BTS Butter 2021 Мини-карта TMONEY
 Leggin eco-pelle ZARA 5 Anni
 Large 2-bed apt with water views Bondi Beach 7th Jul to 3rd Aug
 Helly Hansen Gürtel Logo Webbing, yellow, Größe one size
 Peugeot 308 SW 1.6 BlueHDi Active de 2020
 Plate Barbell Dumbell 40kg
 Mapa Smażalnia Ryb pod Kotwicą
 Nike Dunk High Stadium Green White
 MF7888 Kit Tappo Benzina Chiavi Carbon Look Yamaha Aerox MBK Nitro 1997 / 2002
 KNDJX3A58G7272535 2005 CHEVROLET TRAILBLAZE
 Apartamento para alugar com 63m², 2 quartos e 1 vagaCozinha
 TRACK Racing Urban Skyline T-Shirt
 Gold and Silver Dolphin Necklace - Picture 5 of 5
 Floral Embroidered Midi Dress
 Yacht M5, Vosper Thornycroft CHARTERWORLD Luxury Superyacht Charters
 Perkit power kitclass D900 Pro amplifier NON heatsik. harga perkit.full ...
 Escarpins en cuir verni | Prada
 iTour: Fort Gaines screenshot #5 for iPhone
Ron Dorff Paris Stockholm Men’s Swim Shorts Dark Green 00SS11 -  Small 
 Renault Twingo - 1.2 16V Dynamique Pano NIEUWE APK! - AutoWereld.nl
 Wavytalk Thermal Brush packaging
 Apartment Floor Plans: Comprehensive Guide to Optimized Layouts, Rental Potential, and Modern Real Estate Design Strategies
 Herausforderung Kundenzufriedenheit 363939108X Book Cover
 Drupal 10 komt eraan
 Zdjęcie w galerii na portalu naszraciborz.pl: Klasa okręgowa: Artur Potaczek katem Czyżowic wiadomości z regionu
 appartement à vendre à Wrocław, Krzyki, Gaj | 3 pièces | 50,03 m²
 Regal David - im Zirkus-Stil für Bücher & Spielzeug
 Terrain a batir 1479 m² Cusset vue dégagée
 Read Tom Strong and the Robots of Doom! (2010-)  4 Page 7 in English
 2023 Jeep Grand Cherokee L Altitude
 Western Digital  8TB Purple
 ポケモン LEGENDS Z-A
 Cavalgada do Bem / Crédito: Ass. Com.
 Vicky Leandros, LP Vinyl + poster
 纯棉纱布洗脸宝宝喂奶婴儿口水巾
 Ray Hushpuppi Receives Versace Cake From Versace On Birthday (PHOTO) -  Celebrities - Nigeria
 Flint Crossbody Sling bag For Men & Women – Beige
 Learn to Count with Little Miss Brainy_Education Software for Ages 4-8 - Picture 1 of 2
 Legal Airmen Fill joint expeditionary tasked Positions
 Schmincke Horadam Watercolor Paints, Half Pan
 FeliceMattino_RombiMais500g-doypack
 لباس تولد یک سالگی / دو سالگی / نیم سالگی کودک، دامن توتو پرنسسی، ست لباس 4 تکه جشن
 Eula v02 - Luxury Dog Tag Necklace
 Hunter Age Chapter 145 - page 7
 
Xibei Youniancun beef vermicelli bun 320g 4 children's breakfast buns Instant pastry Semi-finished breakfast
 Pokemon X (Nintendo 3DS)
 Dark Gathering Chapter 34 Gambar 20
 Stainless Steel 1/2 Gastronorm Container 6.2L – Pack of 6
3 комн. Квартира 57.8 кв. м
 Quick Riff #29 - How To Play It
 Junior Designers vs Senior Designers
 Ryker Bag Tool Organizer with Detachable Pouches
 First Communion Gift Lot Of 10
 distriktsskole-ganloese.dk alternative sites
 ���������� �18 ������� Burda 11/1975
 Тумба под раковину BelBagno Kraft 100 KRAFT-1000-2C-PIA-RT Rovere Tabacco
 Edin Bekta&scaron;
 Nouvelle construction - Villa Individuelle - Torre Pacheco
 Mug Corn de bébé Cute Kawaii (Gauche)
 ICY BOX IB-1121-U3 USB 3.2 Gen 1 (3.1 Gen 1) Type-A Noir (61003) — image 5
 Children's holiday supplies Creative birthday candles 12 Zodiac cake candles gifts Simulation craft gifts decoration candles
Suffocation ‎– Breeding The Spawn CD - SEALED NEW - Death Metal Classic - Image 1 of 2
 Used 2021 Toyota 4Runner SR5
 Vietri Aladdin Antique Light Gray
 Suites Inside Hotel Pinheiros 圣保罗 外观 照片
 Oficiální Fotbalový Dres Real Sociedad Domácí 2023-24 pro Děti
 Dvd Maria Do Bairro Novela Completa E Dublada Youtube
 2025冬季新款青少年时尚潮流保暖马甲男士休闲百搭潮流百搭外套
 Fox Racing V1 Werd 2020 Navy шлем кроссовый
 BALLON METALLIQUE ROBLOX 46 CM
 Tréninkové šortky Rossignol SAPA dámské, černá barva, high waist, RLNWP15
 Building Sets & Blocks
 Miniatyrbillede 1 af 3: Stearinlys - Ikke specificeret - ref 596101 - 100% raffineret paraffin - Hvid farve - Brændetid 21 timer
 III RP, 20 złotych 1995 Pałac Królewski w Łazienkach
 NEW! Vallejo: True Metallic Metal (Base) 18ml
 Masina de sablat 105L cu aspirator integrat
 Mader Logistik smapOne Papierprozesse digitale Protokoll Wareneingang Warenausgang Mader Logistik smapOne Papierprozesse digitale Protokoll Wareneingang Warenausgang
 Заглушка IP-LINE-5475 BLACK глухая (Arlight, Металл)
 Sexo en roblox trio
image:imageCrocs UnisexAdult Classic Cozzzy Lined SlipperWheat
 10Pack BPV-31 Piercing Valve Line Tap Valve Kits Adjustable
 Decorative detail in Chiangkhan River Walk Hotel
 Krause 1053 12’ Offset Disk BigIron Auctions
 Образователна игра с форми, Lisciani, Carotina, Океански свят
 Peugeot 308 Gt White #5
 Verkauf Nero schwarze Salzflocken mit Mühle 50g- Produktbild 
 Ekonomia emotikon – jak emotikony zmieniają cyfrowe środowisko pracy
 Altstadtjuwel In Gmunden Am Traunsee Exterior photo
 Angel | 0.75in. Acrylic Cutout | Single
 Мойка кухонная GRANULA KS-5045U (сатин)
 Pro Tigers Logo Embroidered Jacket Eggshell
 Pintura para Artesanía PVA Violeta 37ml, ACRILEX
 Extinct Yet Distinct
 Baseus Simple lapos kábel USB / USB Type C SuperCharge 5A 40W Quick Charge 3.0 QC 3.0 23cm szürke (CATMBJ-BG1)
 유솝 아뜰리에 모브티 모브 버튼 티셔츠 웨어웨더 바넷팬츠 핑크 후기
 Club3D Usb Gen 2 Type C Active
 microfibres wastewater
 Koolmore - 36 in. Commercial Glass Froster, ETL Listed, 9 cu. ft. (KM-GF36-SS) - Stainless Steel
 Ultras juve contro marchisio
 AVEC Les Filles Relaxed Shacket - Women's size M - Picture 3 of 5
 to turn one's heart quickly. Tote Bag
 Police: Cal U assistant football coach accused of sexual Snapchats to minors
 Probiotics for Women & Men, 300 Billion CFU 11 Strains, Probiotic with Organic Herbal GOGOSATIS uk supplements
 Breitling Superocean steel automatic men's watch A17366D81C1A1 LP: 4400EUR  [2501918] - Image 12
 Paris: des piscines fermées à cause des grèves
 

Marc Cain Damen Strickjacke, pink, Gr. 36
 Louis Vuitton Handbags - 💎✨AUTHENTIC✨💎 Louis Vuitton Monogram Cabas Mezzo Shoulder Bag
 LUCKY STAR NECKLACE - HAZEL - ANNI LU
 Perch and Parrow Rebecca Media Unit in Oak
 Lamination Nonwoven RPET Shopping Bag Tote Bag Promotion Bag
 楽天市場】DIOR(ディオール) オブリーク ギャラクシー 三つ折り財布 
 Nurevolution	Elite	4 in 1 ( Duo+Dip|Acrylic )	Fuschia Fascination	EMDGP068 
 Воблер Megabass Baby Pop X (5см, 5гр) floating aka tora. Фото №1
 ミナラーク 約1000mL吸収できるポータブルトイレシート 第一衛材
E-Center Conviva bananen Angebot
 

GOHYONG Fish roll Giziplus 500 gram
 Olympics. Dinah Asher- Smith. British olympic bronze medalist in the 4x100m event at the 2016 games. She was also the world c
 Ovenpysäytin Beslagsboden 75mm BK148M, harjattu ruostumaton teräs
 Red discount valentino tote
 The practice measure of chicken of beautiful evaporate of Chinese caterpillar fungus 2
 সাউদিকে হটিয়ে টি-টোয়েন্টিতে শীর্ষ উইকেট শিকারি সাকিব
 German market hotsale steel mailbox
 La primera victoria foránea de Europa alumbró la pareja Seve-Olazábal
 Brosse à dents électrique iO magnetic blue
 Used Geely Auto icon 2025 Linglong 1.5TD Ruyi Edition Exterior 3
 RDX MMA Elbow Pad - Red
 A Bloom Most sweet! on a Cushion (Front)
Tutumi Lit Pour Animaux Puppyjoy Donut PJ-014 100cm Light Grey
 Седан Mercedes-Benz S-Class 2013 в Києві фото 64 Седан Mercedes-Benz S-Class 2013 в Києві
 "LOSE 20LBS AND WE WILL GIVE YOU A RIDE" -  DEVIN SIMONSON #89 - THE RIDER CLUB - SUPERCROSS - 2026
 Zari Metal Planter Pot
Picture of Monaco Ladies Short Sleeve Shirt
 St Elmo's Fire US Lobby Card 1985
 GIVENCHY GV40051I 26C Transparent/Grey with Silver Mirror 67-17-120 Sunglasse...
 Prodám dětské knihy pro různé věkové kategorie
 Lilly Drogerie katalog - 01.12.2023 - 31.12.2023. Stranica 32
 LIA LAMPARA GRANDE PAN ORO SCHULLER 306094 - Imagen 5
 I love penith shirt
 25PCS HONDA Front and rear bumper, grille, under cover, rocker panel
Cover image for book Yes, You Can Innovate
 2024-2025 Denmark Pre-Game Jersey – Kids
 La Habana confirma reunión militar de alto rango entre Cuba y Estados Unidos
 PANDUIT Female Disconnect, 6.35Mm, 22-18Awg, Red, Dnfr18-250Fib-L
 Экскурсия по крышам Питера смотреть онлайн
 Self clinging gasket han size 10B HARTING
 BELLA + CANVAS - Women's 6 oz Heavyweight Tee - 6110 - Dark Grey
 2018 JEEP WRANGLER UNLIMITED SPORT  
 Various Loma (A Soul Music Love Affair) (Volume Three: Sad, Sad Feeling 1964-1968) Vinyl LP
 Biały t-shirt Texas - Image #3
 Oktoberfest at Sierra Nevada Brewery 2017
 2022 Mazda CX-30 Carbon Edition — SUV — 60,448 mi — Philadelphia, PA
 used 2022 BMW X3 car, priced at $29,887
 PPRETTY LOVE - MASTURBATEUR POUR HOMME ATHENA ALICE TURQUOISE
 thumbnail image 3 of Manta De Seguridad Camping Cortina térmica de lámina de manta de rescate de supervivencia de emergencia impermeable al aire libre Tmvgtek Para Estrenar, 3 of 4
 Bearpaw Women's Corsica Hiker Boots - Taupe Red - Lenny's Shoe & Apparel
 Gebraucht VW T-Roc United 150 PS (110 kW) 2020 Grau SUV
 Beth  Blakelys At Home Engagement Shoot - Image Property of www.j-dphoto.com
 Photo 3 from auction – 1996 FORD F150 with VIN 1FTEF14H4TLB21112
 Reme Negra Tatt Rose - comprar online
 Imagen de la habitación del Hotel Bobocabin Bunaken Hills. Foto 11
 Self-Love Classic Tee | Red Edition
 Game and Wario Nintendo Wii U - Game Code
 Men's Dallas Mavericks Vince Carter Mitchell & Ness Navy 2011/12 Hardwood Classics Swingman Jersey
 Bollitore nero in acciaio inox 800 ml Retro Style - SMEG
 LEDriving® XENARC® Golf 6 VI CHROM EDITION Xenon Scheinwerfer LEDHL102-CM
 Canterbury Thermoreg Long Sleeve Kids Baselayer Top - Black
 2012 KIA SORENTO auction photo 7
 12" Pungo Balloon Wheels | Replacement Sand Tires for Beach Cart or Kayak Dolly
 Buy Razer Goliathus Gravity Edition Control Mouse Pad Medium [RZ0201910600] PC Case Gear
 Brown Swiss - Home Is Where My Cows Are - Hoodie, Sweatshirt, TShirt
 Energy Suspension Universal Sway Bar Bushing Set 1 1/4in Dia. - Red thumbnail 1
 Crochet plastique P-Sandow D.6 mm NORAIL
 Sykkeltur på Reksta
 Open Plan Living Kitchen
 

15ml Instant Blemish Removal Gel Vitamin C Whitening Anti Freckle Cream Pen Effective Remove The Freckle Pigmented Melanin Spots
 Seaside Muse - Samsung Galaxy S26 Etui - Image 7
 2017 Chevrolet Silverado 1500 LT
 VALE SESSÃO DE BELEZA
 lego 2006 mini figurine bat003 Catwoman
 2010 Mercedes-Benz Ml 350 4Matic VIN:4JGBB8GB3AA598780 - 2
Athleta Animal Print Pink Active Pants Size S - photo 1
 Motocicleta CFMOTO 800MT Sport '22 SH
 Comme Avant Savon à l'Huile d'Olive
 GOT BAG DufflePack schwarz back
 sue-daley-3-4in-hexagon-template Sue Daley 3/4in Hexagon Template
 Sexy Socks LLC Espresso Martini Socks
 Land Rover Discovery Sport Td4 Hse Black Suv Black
* * * * * * * * *
◆ What the task asks
Exactly the lines above from the one with "TRACK Racing Urban Skyline T-Shirt" to the one with "Ron Dorff Paris", both included, are to be quoted; leave the rest out.

◆ Solution
 TRACK Racing Urban Skyline T-Shirt
 Gold and Silver Dolphin Necklace - Picture 5 of 5
 Floral Embroidered Midi Dress
 Yacht M5, Vosper Thornycroft CHARTERWORLD Luxury Superyacht Charters
 Perkit power kitclass D900 Pro amplifier NON heatsik. harga perkit.full ...
 Escarpins en cuir verni | Prada
 iTour: Fort Gaines screenshot #5 for iPhone
Ron Dorff Paris Stockholm Men’s Swim Shorts Dark Green 00SS11 -  Small 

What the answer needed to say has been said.